Por Inmaculada Llorente Ortiz, professora do Colégio San José de Villafranca de los Barros, na Espanha.
Os “primeiros companheiros” começaram sua viagem em 1534, fazendo seus votos em Montmartre com a firme intenção de ajudar as almas. A experiência pessoal e espiritual de Santo Inácio de Loyola levou a um desejo excessivo de ajudar o próximo, não apenas em questões básicas, mas também nas espirituais. A redação dos seus conhecidos Exercícios Espirituais (EE. EE.) envolveu a transmissão de uma ferramenta básica de espiritualidade inaciana que ajuda as pessoas a encontrar a vontade de Deus em suas vidas e ordená-la em busca desse fim.
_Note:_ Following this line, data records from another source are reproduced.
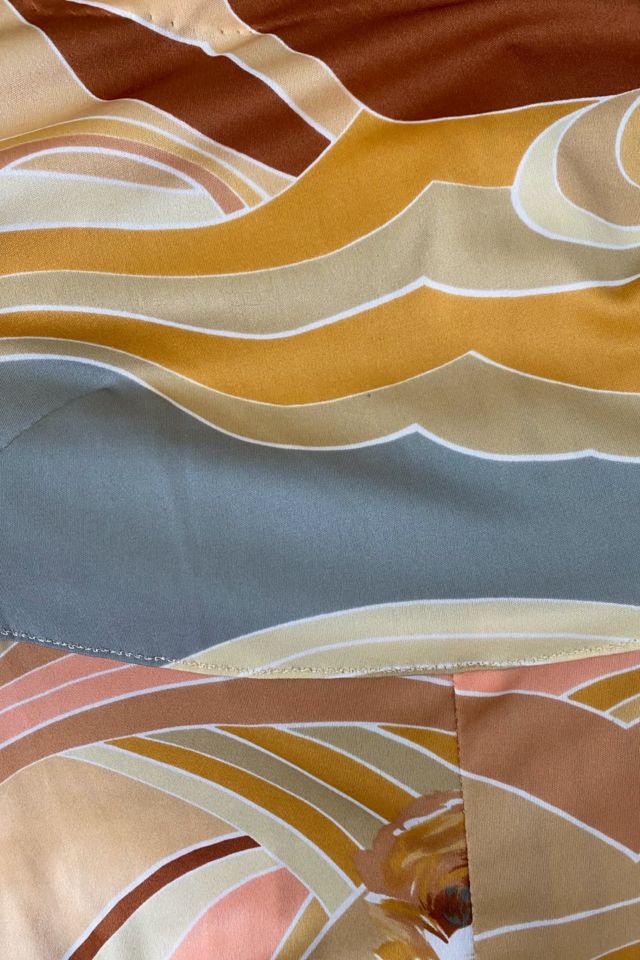 1970s Desert Floral Poly Maxi Dress Selected By Ritual Vintage #2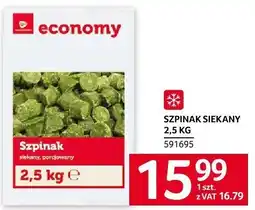 Selgros Szpinak siekany 2.5 kg economy oferta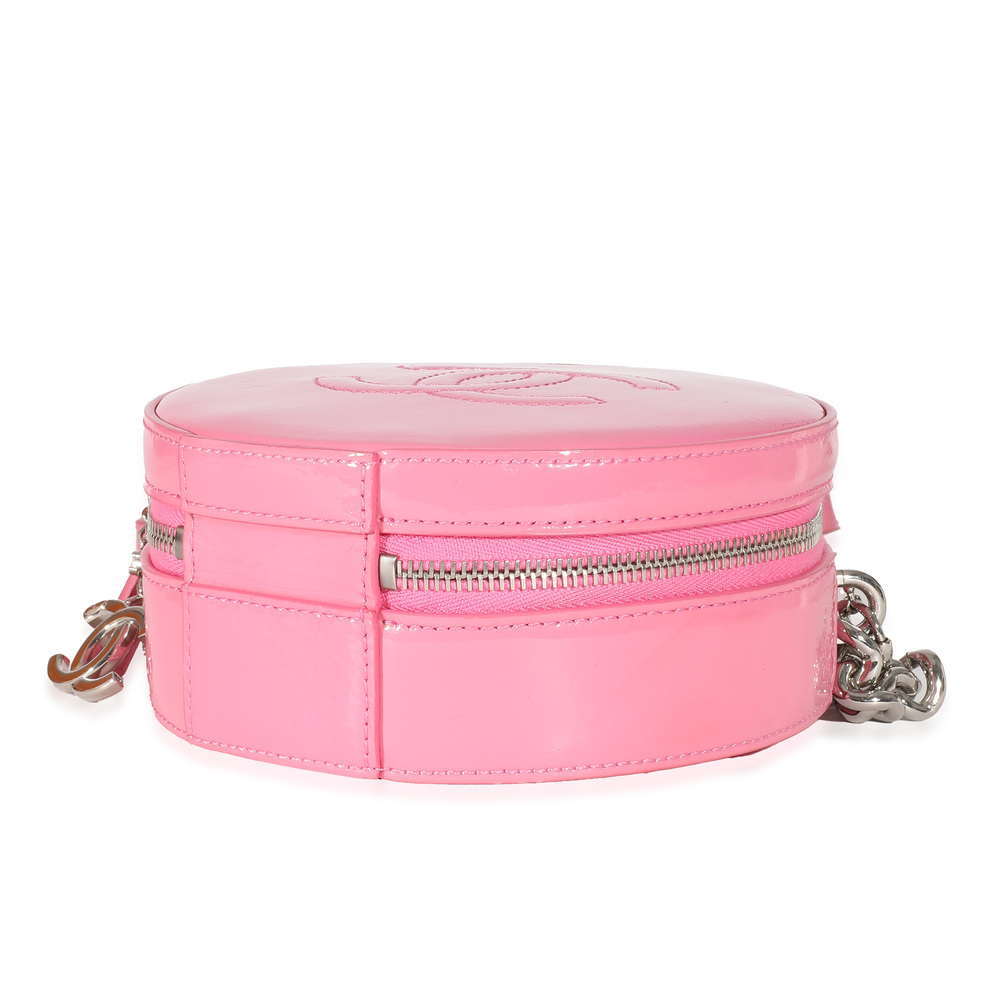 Chanel Pink Glazed Calfskin Round As Earth Bag - Picture 7 of 7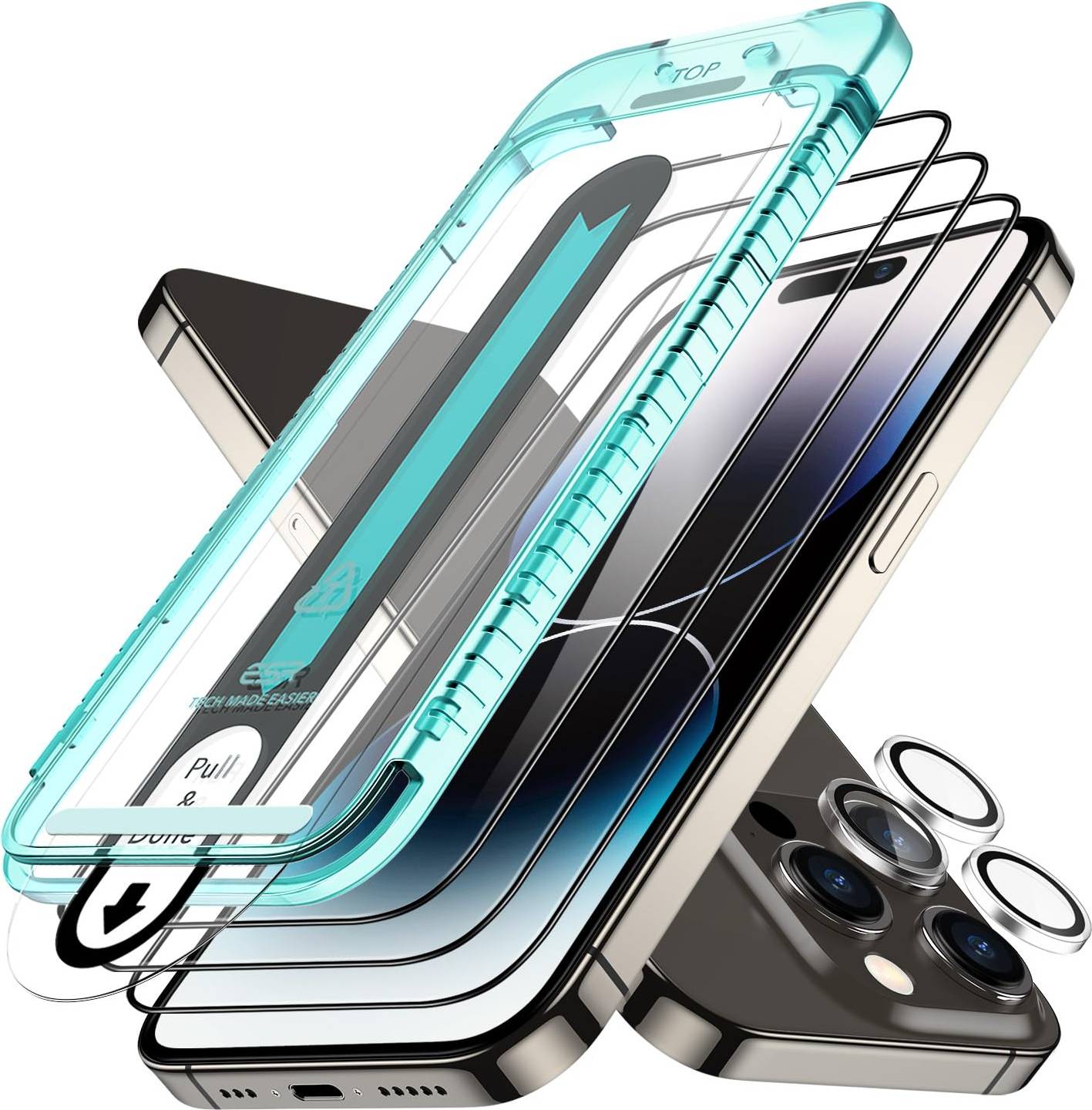 ESR Armorite Screen Protector Set for iPhone 14 Pro Max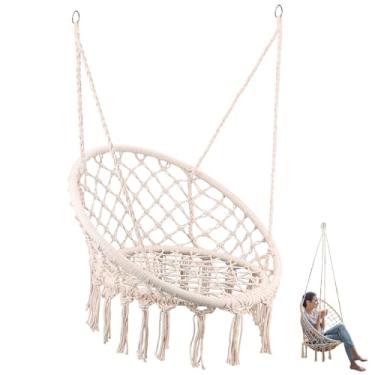Imagem de Cadeira de Balanço Adulto, Balanço Suspenso, Cadeiras Balanço, Cadeira de Balanco, Cadeira de rede suspensa com corda, Cadeira de Balanço Suspensa Rede, Cadeiras Suspensas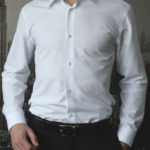 Рубашка белая в полоску Vester 68814W_17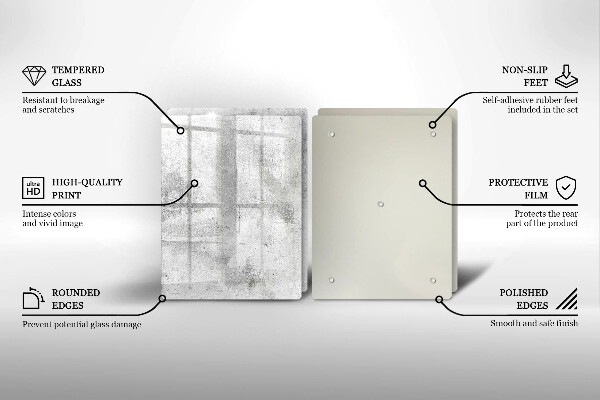 Zaščitna plošča za štedilnik Tekstura betona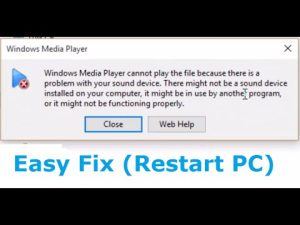 Read more about the article FIX: Windows Media Player의 오디오 오류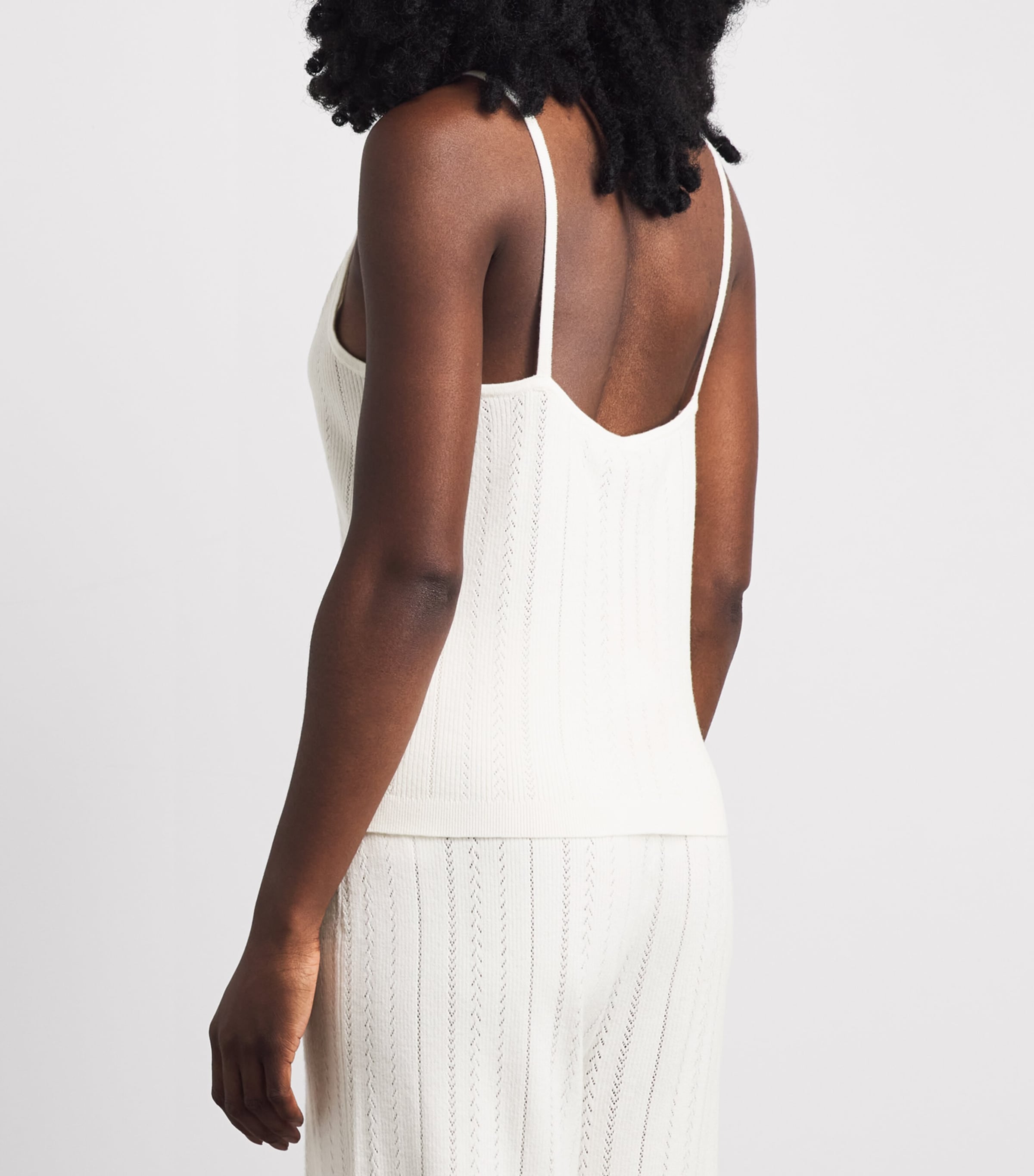 Eberjey Womens Pointelle Tank Top Ivory Image 5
O contexto em que começaram os primeiros jesuítas, seu trabalho educacional e o contexto em que encontramos os educadores nos dias atuais diferem-se enormemente. Os meios que temos que utilizar na formação de pessoas “sólidas” em uma “sociedade líquida” como a atual fazem que a tarefa exija a nossa profissionalização, não só no campo da pedagogia, como também no acompanhamento e formação humana. O educador é a figura facilitadora desse processo de construção do projeto vital a serviço do Reino.
Perfil do educador inaciano
O perfil do educador inaciano deriva do perfil de quem realiza os Exercícios Espirituais. De acordo com esta comparação podemos desenhar o seguinte perfil do educador inaciano:
- O educador inaciano deve ter em mente que, na tarefa educativa, professor e estudante se beneficiam e devem aproveitar a relação que se estabelece entre eles. Santo Inácio viveu isso e percebeu que, comunicando o que recebeu, aumentava a sua própria vida interior.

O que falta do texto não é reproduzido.